Défossilisation sérieuse – Être ouvert aux nouvelles technologies

Véhicules et technique Ausgabe-06-2025

La technologie en pleine mutation: une seule technologie ne suffit plus pour atteindre les objectifs en matière de CO2 (photo: production de piles à combustible chez Bosch).

Tout le monde s’accorde aujourd’hui à dire qu’une approche globale est nécessaire pour atteindre l’objectif de zéro émission nette en 2050. Lors du 46e Symposium de Vienne sur les moteurs, il a notamment été souligné qu’il fallait aller au-delà de la décarbonisation.

Au fil des ans, le Symposium de Vienne sur les moteurs est devenu une institution qui, comme son nom l’indique, se consacre aux solutions de propulsion avancées pour les voitures, les véhicules de livraison, les camions et les bus. Comme l’ont souligné plusieurs intervenants, la propulsion électrique fait désormais partie intégrante de ce domaine. Néanmoins, le professeur Bernhard Geringer, hôte de la 46e édition, a introduit la conférence avec une note quasiment philosophique: «Sans carbone, il n’y aurait pas de vie sur Terre. Il est donc erroné de parler d’un objectif de décarbonisation.» Pour Bernhard Geringer, le véritable objectif est la défossilisation, c’est-à-dire l’abandon des énergies et des carburants d’origine fossile. «La décarbonisation comprend des méthodes telles que l’électrification et l’amélioration de l’efficacité, tandis que la défossilisation consiste à remplacer les matières premières d’origine fossile (pétrole, gaz naturel) par des alternatives telles que la biomasse ou les produits recyclés.» Bernhard Geringer critique donc également la législation actuelle de l’UE sur les flottes, qui se limite aux émissions de gaz à effet de serre des véhicules pendant leur fonctionnement. «Cette législation doit céder la place à une approche globale du système qui prend en compte l’ensemble du cycle de vie des véhicules, depuis l’extraction des matières premières et la production jusqu’à l’élimination.» Cela donnerait également une chance aux carburants neutres pour le climat et aux systèmes de propulsion efficaces sur le plan énergétique, tels que les prolongateurs d’autonomie.

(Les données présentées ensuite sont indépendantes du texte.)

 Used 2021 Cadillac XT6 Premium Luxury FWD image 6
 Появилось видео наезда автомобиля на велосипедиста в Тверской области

Diversité comme condition préalable

«L’avenir ne sera pas déterminé par une seule technologie, mais par les fournisseurs qui en maîtrisent plusieurs», comme l’a également souligné Mathias Giannini, CEO de Horse Powertrain; cette entreprise est une joint-venture entre Geely, Renault et le groupe pétrolier Aramco, qui souhaite proposer des chaînes cinématiques complètes à tous les constructeurs automobiles du monde entier. Cette approche ouverte sur toutes les technologies confère une grande flexibilité en matière de motorisation, explique Bernhard Geringer, mais exige également une plus grande sécurité de planification pour l’industrie et le commerce européens. «Pour cela, des réglementations fiables de la part des pouvoirs publics sont nécessaires de toute urgence», selon Bernhard Geringer. Outre l’industrie automobile, c’est surtout l’industrie des énergies renouvelables qui est intéressée par un cadre juridique fiable, afin de pouvoir planifier à plus long terme les investissements dans le développement et la production.

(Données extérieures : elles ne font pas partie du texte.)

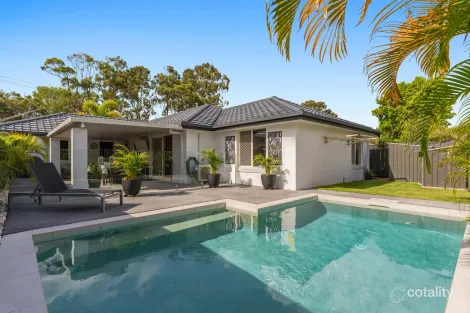 10 Stingray Cres, Burleigh Waters, QLD 4220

Pour Frederik Zohm, directeur Recherche et Développement chez MAN Trucks & Bus, la mobilité électrique jouera également un rôle central dans le secteur des camions et des bus. Bien que MAN travaille également sur l’utilisation de l’hydrogène dans les moteurs à combustion et les piles à combustible, Frederik Zohm estime que d’ici à 2030, jusqu’à 90 % des nouveaux bus MAN et environ la moitié des nouveaux camions MAN seront équipés de moteurs électriques à batteries. Il considère que l’infrastructure de recharge à grande échelle est l’un des facteurs clés du développement de la mobilité électrique dans le secteur des véhicules utilitaires. Il demande donc également aux responsables politiques de mettre en place des conditions-cadres fiables pour permettre son développement rapide.

Les biocarburants

L’abandon des matières premières d’origine fossile réclamé par Bernhard Geringer bénéficie actuellement d’une attention croissante et met davantage l’accent sur l’hydrogène et les biocarburants tels que le biodiesel B100, le HVO100 ou le biogaz. Leur utilisation permet aux entreprises de transport et de logistique de réduire considérablement leur empreinte carbone, même avec des moteurs à combustion. Des efforts sont actuellement déployés au sein de l’UE pour classer les véhicules à moteur à combustion interne comme véhicules zéro émission s’ils sont également alimentés par des carburants renouvelables.

Alors que les batteries, les piles à combustible et l’hydrogène constituent des modes de propulsion écologiques évidents et faciles à comprendre, l’industrie est confrontée à un défi en matière de preuves en ce qui concerne le biodiesel, le HVO et le biogaz. C’est là qu’intervient Bosch avec sa nouvelle solution «Digital Fuel Twin». La solution logicielle intégrée au véhicule enregistre l’utilisation des carburants respectueux du climat et atteste la réduction des émissions de CO2. «Avec Digital Fuel Twin, les entreprises peuvent facilement prouver qu’elles utilisent des carburants renouvelables», affirme Thomas Pauer, président de Bosch Power Solutions.

Le logiciel enregistre les propriétés climatiques du carburant lors de sa production, de son transport jusqu’à la station-service et enfin lors de sa distribution au véhicule. L’accès est basé sur le cloud. La solution est encore en phase de test, notamment dans le cadre d’un rallye réunissant une flotte de 12 camions et voitures qui ont sillonné toute l’Europe jusqu’au 24 juin pour rejoindre Bruxelles, en utilisant exclusivement des carburants durables disponibles dans des stations-service publiques. A l’avenir, Digital Fuel Twin devrait être intégré dans l’électronique des véhicules de manière à empêcher toute manipulation.

Dans le domaine des poids lourds, pratiquement tous les constructeurs travaillent sur une approche multiple. DAF, par exemple, vient de lancer un moteur 13 litres (MX-13) spécialement adapté au biodiesel B100 afin d’offrir des perspectives de défossilisation aux transporteurs établis dans les régions où le biodiesel est plus répandu que le HVO100. Il faut maintenant obtenir rapidement une reconnaissance politique, afin que les équipementiers et les acteurs concernés, tels que les fournisseurs d’énergie, bénéficient désormais de la sécurité d’investissement nécessaire.